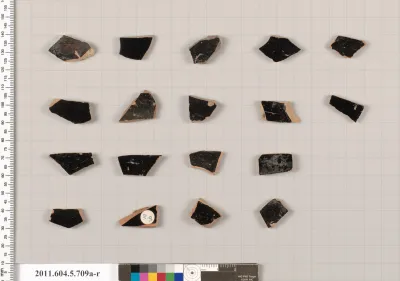 Terracotta fragments of kylikes (drinking cups)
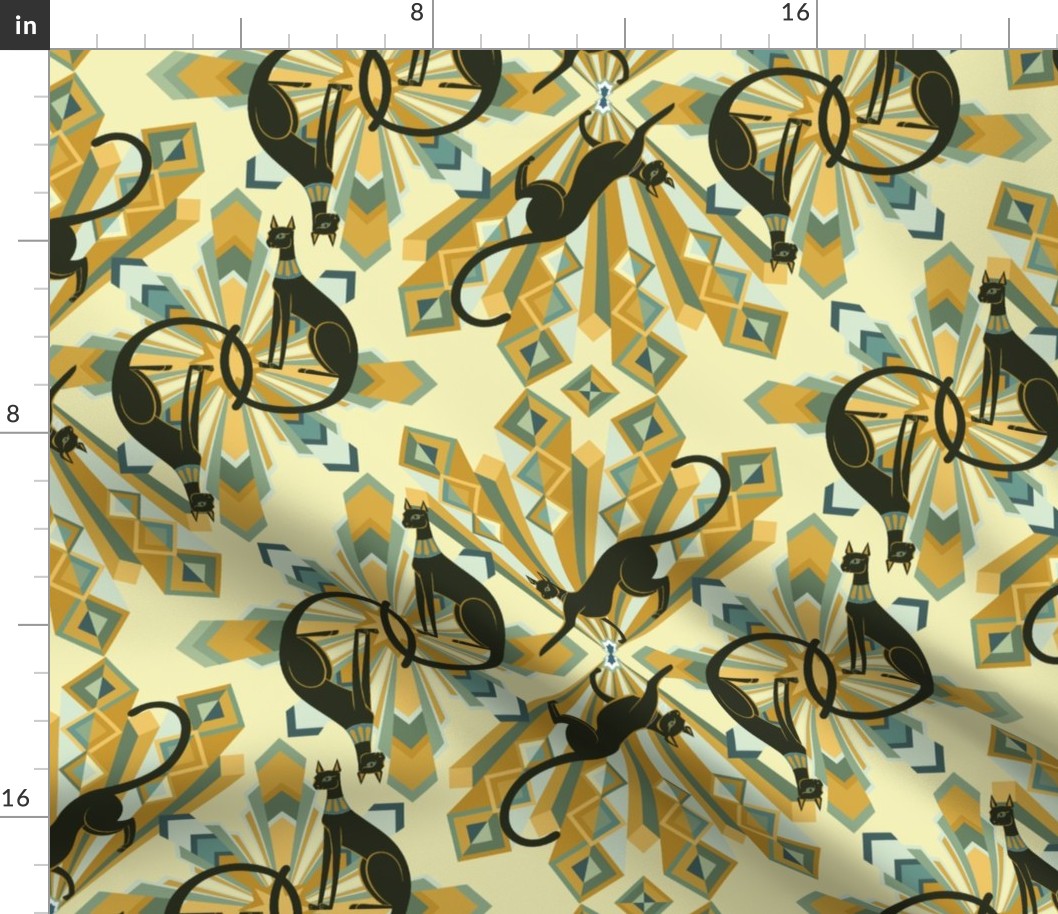 Art Deco Cats in Gold Fat Quarter Size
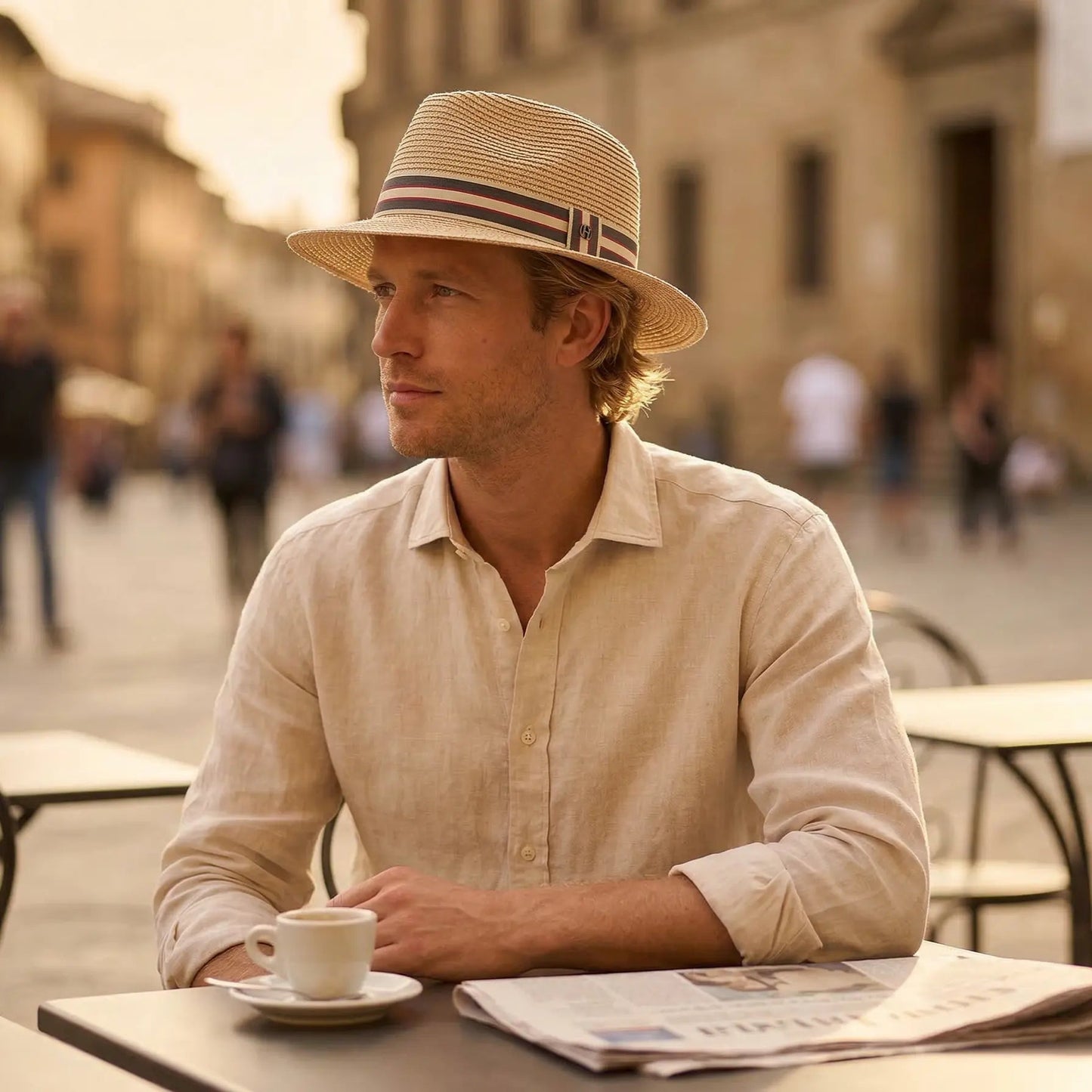 Pánský klobouk fedora s pruhovanou stuhou – klasický letní klobouk na dovolenou, cestování, pláž i každodenní nošení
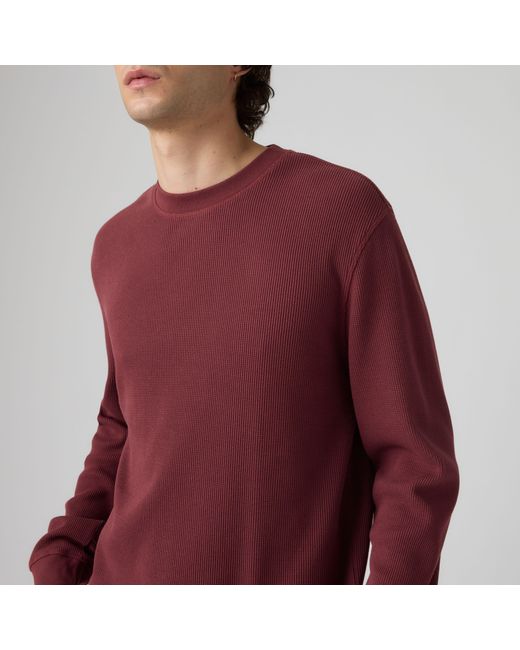 Levi's Red Long Sleeve Standard Fit Thermal Tee for men
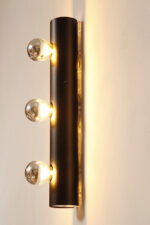 Smukła trzypunktowa aluminiowa cylindryczna czarna lampa ścienna/kinkiet o pionowej, lub poziomej orientacji, Targetti, Włochy, lata 80. - obrazek 29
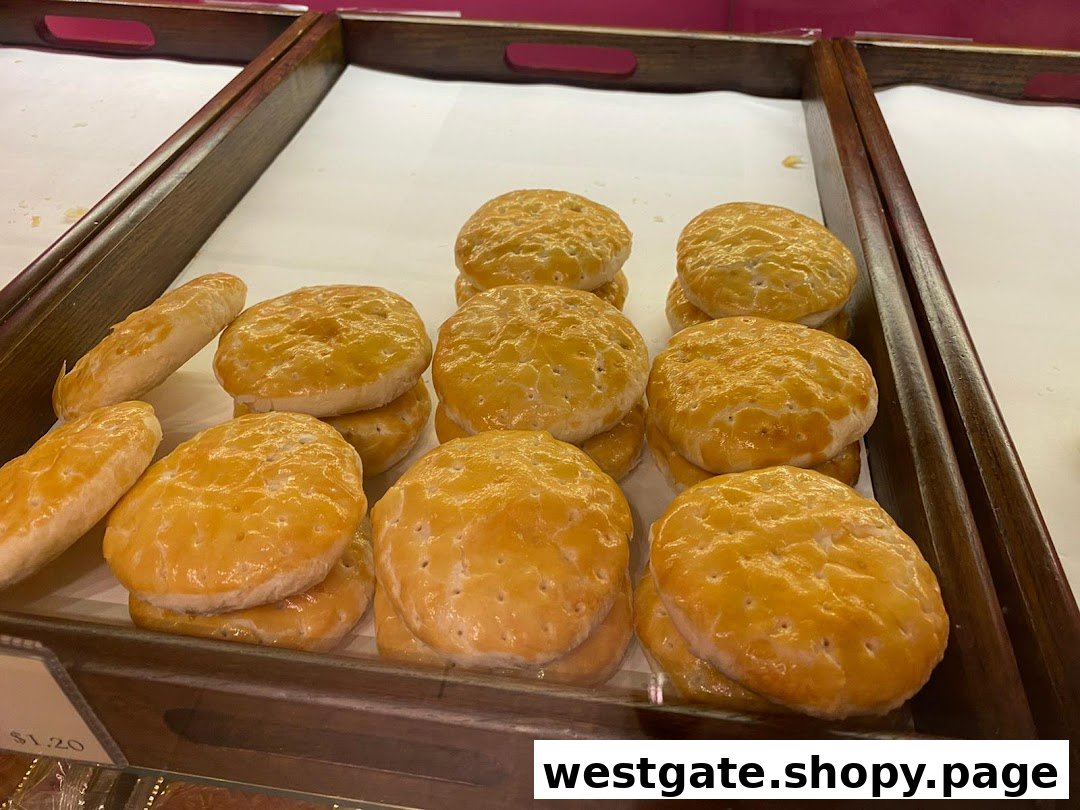 Golden-brown traditional Chinese pastries, possibly tau sar piah, displayed in wooden trays at Tai Chong Kok.
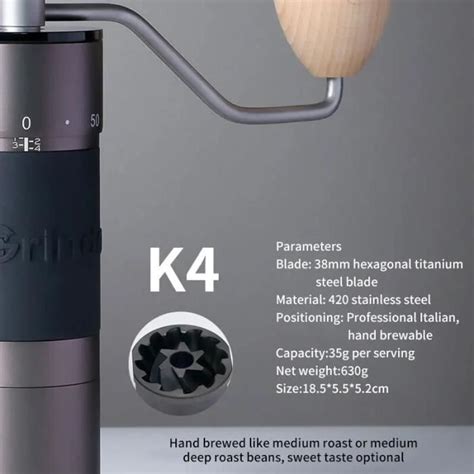 K Kingrinder Moulin Caf Manuel Portable En Acier Inoxydable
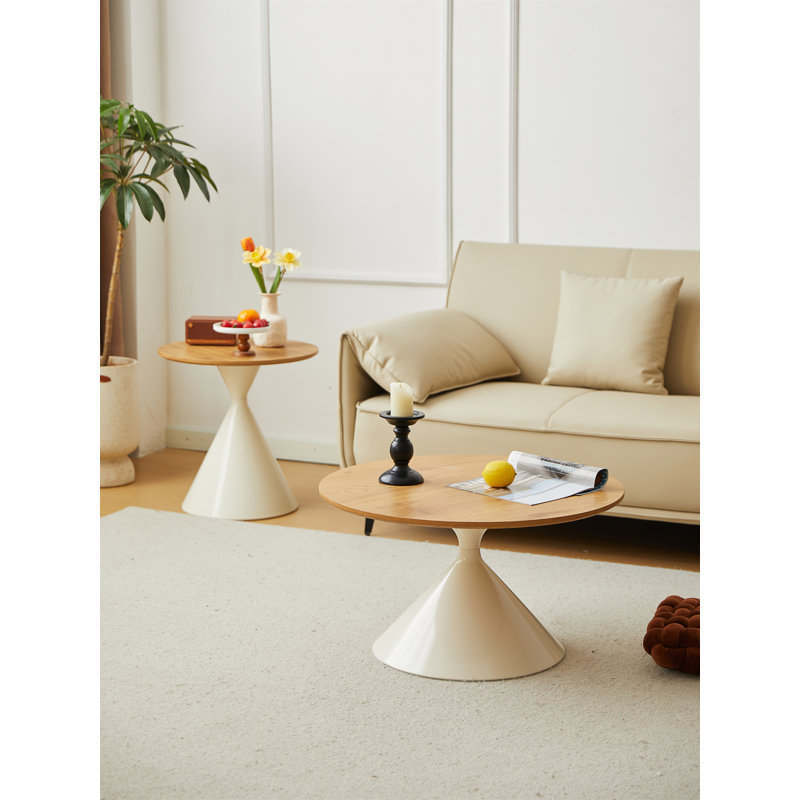 Bundrage ROUND COFFEE TABLE WHITE+WOOD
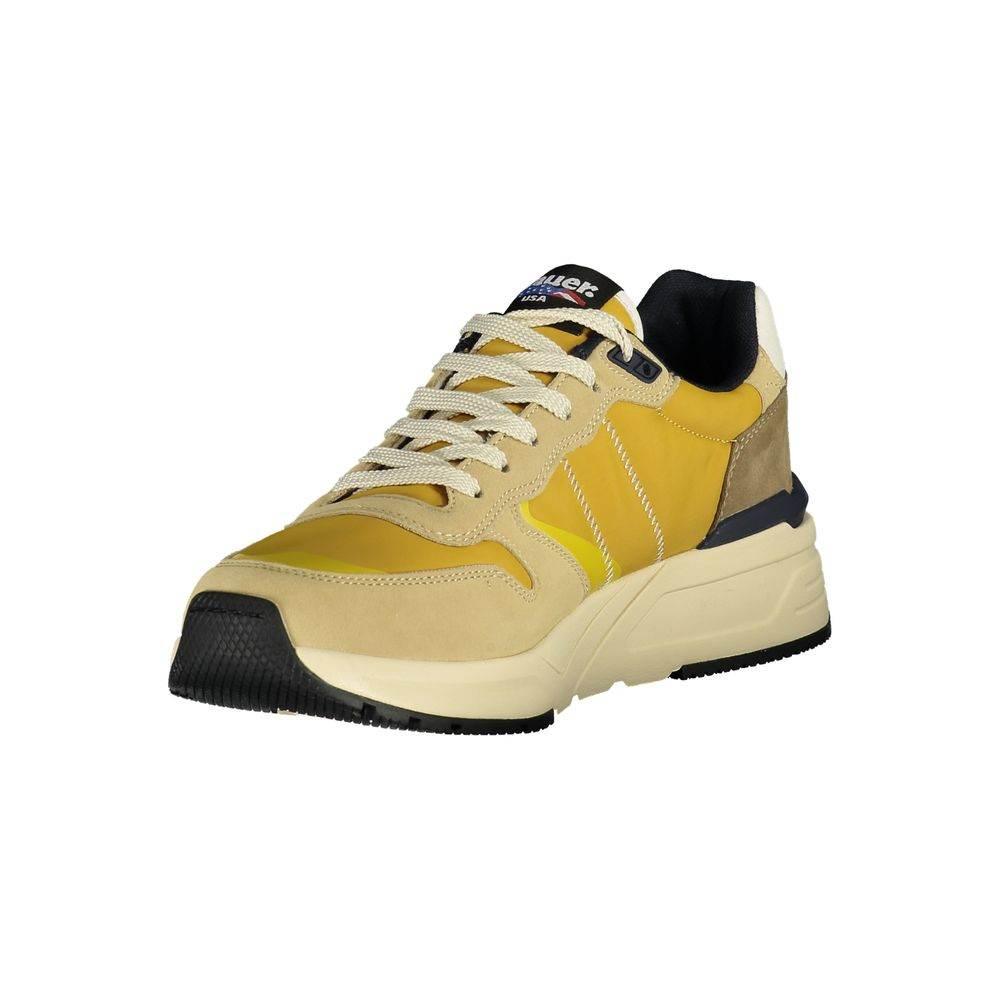 Blauer Beige Polyester Men Sneaker - Hilstor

:: WHAT YOU SHOULD DO ::
Aside from the pictures, repeat the listing exactly.

:: TASK ANSWER ::
 Terracotta fragments of kylikes (drinking cups)
 Art Deco Cats in Gold Fat Quarter Size
 Pánský klobouk fedora s pruhovanou stuhou – klasický letní klobouk na dovolenou, cestování, pláž i každodenní nošení
 Levi's Red Long Sleeve Standard Fit Thermal Tee for men
 Smukła trzypunktowa aluminiowa cylindryczna czarna lampa ścienna/kinkiet o pionowej, lub poziomej orientacji, Targetti, Włochy, lata 80. - obrazek 29
 Golden-brown traditional Chinese pastries, possibly tau sar piah, displayed in wooden trays at Tai Chong Kok.
 K Kingrinder Moulin Caf Manuel Portable En Acier Inoxydable
 Bundrage ROUND COFFEE TABLE WHITE+WOOD
 Blauer Beige Polyester Men Sneaker - Hilstor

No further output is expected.